* _EXERCISE_: Go through the records and report each line holding the string "Gallery".
= Beginning of Section =
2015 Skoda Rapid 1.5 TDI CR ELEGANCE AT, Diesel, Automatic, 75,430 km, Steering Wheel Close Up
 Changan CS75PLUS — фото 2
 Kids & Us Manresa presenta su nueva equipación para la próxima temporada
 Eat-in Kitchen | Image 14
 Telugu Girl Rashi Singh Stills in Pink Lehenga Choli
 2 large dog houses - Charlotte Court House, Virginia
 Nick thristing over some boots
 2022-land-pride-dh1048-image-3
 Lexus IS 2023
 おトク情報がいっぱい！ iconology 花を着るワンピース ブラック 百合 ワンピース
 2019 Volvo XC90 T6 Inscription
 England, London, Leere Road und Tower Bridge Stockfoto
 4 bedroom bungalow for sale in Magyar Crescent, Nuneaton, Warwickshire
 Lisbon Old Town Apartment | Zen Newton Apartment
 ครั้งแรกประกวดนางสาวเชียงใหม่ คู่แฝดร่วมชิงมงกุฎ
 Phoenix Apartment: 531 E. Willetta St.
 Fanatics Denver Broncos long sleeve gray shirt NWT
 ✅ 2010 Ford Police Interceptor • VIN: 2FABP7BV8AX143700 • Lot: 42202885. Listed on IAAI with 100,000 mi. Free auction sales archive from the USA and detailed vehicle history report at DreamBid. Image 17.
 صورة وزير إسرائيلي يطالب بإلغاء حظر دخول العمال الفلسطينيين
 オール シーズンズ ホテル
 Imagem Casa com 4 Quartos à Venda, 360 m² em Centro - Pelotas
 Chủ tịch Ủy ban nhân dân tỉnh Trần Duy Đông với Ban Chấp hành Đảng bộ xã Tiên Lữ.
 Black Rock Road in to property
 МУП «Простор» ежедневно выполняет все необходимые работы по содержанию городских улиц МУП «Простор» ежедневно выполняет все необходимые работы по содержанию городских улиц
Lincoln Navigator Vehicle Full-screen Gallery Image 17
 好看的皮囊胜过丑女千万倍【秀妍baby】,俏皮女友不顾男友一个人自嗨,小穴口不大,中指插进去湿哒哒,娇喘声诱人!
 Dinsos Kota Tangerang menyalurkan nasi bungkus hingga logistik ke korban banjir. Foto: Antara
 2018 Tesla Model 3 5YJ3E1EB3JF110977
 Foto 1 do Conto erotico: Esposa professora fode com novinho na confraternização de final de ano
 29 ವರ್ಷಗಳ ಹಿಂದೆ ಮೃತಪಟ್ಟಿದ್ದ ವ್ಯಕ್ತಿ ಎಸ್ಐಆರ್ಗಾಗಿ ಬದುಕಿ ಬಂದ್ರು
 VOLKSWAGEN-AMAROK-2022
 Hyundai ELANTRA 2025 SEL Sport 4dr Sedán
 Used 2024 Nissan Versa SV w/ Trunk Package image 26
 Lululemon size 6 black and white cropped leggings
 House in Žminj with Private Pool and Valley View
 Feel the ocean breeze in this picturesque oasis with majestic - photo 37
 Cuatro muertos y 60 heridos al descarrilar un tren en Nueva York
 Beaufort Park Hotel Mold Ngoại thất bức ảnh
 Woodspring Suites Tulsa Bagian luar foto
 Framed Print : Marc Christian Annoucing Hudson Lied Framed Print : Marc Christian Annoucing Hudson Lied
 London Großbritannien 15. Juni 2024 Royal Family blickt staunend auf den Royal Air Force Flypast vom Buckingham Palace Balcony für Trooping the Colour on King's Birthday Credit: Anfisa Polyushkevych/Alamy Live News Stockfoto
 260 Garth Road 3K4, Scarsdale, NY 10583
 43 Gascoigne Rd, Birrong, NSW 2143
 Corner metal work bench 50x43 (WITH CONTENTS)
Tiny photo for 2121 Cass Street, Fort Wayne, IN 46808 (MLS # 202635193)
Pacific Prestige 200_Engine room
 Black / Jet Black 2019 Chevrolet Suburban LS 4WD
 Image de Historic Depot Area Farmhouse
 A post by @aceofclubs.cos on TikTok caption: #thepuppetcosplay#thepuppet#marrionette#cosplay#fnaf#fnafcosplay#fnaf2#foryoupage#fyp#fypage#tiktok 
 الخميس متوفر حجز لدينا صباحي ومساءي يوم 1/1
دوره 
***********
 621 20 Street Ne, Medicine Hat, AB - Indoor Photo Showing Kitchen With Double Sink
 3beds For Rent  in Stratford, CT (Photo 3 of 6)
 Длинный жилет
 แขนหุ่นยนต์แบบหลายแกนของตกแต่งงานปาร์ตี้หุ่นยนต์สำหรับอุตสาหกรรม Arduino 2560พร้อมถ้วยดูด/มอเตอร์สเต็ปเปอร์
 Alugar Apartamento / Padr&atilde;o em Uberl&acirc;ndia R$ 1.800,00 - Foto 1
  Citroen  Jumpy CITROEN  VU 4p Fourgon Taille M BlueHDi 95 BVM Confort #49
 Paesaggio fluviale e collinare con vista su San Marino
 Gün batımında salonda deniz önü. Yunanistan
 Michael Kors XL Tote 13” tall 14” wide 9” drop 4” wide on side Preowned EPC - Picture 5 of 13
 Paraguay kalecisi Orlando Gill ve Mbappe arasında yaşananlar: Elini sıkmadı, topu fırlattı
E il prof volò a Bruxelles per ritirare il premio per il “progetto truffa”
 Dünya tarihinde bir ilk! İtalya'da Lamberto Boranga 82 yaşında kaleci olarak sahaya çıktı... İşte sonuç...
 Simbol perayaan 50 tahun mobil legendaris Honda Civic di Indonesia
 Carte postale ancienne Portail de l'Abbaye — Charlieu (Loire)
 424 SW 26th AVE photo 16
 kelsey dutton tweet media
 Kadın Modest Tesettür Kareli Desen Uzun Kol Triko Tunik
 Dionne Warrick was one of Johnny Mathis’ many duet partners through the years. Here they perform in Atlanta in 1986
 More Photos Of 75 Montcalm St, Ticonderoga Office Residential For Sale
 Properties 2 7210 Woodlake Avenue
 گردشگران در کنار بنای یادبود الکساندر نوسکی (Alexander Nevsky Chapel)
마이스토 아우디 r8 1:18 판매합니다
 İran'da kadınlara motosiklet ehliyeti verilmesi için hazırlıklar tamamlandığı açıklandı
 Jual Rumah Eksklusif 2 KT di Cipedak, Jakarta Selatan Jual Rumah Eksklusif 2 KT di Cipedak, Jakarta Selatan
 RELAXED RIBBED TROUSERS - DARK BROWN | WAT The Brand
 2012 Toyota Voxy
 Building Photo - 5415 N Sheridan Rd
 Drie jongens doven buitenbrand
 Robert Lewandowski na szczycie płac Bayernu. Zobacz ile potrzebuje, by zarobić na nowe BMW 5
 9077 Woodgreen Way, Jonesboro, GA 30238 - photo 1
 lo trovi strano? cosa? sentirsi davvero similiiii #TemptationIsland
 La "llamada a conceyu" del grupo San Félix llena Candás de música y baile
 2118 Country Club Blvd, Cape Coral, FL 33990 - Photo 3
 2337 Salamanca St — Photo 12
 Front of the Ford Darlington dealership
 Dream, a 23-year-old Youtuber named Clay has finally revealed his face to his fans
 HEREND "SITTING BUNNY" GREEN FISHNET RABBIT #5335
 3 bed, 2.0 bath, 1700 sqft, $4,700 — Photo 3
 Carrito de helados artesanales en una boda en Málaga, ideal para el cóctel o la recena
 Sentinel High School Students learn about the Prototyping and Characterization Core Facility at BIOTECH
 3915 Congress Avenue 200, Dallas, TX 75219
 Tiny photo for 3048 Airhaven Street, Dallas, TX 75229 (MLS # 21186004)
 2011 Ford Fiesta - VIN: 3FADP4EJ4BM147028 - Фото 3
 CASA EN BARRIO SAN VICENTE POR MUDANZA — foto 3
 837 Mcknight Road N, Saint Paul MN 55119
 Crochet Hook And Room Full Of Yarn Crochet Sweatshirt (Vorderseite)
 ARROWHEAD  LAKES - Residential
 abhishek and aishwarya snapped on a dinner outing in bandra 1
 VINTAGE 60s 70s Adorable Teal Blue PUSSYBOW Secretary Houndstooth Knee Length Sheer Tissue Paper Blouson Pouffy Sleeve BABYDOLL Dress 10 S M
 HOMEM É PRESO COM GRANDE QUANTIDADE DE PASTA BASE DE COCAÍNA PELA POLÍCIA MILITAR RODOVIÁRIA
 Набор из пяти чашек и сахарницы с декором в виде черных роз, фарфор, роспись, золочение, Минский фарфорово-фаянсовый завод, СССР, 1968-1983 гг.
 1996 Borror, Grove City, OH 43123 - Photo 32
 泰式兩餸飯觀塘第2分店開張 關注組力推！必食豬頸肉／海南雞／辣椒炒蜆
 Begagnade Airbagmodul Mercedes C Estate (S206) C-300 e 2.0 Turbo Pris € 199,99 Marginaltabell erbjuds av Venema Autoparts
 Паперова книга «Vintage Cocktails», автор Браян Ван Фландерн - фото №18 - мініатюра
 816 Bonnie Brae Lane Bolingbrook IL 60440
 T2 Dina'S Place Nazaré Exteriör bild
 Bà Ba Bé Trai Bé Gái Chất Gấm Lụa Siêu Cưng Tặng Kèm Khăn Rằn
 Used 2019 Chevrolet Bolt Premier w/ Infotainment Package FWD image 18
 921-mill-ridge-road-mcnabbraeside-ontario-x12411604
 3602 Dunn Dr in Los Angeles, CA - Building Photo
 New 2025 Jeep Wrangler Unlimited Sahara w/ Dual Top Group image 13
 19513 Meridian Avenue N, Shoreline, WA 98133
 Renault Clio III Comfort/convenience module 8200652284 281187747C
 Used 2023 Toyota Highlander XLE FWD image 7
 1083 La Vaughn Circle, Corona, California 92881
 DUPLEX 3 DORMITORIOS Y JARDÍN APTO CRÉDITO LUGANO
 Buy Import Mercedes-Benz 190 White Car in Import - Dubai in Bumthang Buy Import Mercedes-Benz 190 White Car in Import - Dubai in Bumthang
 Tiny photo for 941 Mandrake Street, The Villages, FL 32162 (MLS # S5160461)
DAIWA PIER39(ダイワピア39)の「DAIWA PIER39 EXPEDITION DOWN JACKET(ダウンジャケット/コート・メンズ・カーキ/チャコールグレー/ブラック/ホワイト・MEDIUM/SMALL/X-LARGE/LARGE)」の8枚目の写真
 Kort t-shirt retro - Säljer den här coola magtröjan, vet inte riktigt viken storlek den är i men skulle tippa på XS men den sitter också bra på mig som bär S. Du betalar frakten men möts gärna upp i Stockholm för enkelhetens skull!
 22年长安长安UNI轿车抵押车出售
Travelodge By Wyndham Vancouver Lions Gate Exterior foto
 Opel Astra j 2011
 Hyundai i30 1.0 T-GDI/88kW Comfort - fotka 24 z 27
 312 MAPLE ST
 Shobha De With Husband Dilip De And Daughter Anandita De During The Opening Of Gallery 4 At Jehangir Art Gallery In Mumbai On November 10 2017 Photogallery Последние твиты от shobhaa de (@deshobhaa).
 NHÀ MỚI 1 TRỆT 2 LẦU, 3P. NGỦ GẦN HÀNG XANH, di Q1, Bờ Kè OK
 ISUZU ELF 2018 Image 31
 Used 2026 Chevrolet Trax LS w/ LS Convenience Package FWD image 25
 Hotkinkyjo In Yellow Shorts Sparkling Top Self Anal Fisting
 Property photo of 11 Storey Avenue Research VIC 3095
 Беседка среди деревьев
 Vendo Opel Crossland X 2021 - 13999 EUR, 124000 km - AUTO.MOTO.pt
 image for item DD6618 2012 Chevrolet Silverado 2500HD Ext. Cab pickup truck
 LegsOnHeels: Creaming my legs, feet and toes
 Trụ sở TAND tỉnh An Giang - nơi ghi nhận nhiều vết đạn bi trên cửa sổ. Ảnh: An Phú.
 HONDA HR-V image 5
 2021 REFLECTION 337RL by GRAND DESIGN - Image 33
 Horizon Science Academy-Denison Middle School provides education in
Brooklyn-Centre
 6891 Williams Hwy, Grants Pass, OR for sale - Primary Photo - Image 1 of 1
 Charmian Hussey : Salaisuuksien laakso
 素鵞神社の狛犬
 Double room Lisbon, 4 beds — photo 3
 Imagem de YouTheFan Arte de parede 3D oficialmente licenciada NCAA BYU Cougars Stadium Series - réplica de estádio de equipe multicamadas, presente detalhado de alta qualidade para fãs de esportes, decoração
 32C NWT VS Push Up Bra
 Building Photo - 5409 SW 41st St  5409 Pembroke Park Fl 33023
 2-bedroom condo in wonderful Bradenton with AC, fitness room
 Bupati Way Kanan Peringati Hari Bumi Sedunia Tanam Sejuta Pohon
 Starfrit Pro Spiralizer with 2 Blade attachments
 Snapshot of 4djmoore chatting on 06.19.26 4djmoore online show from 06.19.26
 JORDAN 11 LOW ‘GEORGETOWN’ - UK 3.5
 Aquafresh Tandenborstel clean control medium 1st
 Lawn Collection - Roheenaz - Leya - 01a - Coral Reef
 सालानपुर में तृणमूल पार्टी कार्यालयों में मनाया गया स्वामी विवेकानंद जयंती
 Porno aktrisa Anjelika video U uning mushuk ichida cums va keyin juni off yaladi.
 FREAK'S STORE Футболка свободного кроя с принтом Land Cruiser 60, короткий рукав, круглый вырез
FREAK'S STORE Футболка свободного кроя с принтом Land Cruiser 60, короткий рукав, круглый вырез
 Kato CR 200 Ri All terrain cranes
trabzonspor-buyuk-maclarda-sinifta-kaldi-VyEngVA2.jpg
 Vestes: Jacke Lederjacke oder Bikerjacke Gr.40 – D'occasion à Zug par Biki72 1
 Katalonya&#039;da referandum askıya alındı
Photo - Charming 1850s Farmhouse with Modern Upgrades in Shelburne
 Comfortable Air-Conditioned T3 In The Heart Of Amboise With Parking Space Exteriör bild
= End of Section =
* _WRITTEN RESPONSE_:
Lincoln Navigator Vehicle Full-screen Gallery Image 17
 Shobha De With Husband Dilip De And Daughter Anandita De During The Opening Of Gallery 4 At Jehangir Art Gallery In Mumbai On November 10 2017 Photogallery Последние твиты от shobhaa de (@deshobhaa).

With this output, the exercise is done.